■ ACTION ITEM
Extract every record, exactly as written, and ignore the pictures.

╔══

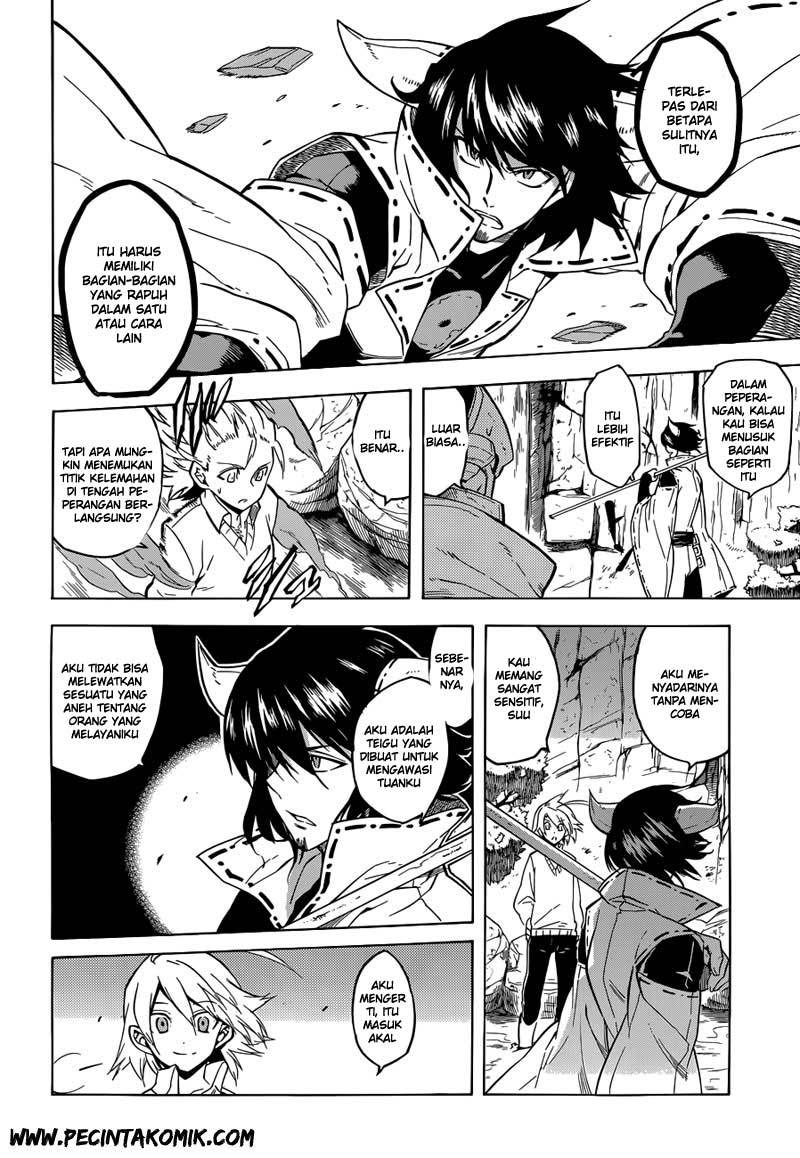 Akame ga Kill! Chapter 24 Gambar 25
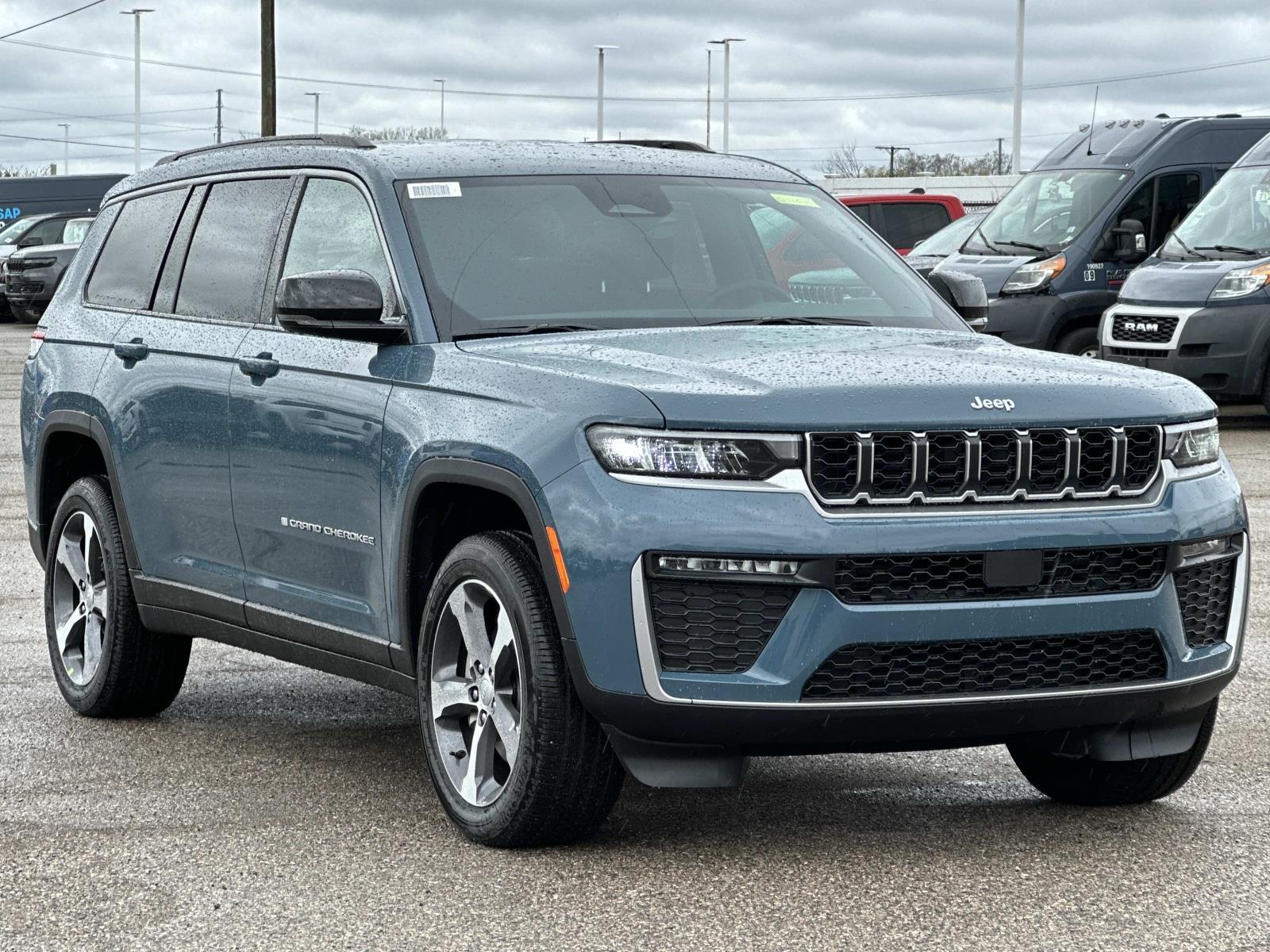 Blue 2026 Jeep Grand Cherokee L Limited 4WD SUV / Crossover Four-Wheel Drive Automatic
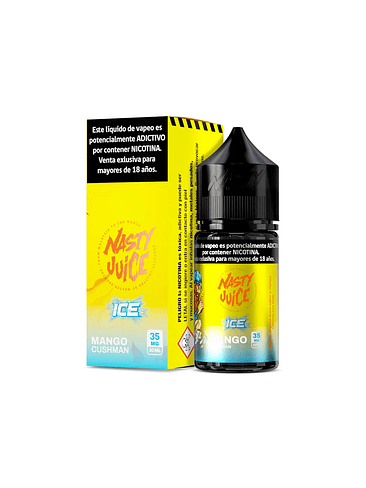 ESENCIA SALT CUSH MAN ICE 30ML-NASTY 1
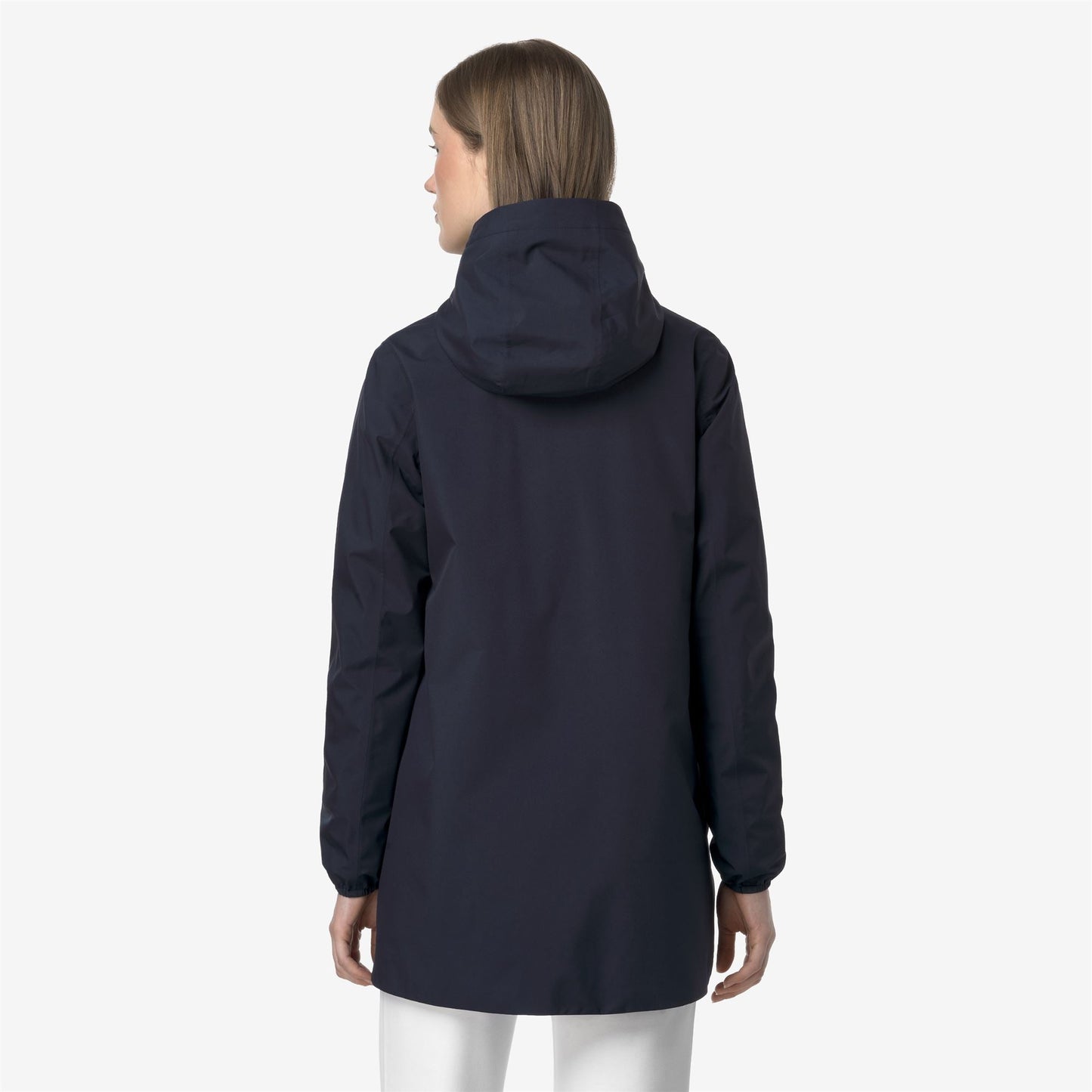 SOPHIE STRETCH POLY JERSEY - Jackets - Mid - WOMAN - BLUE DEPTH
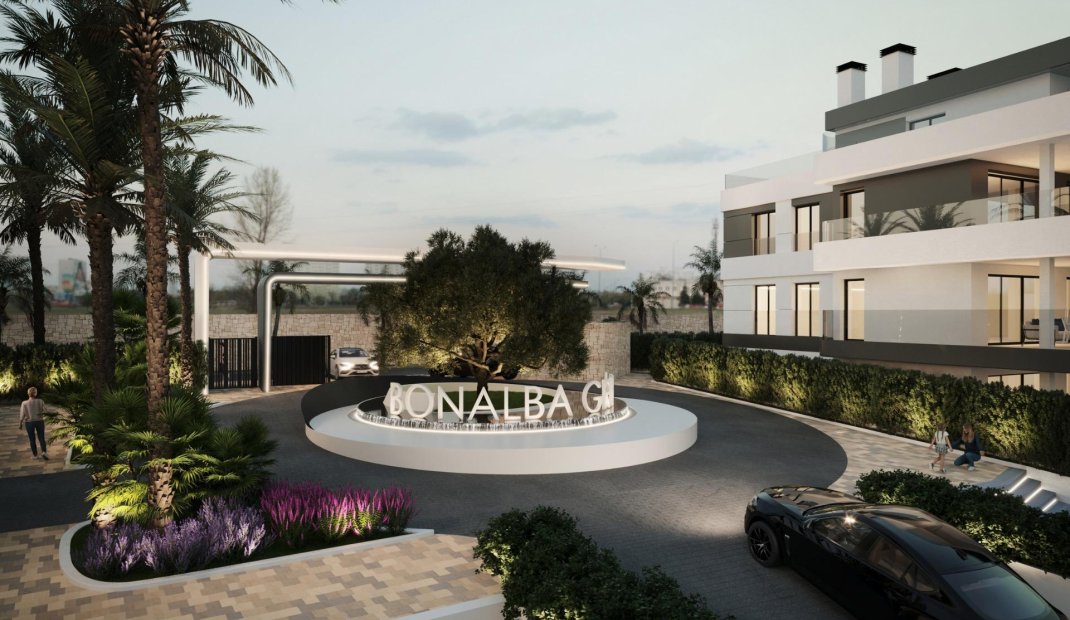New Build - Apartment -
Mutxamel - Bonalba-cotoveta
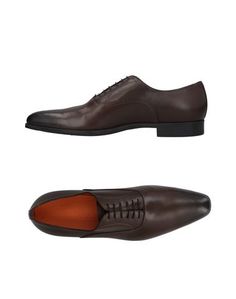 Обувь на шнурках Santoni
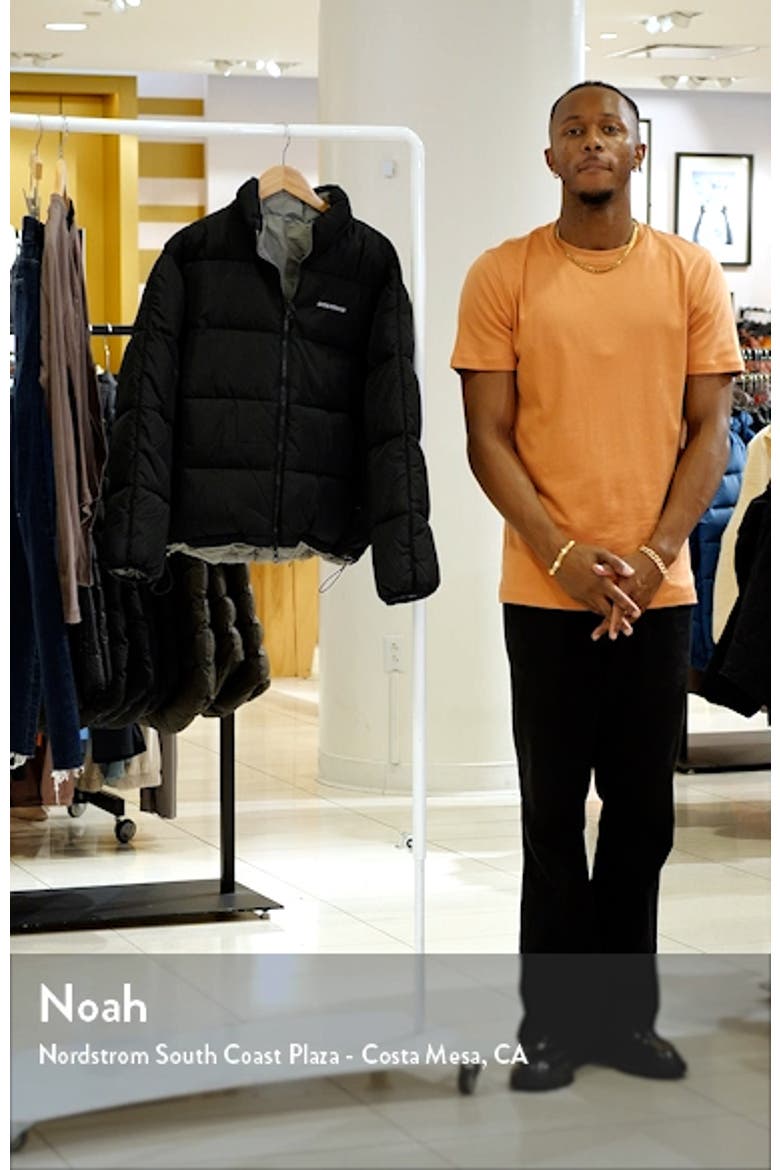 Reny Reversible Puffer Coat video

╚══

■ WRITTEN ANSWER
 Akame ga Kill! Chapter 24 Gambar 25
 Blue 2026 Jeep Grand Cherokee L Limited 4WD SUV / Crossover Four-Wheel Drive Automatic
 ESENCIA SALT CUSH MAN ICE 30ML-NASTY 1
 SOPHIE STRETCH POLY JERSEY - Jackets - Mid - WOMAN - BLUE DEPTH
New Build - Apartment -
Mutxamel - Bonalba-cotoveta
 Обувь на шнурках Santoni
 Reny Reversible Puffer Coat video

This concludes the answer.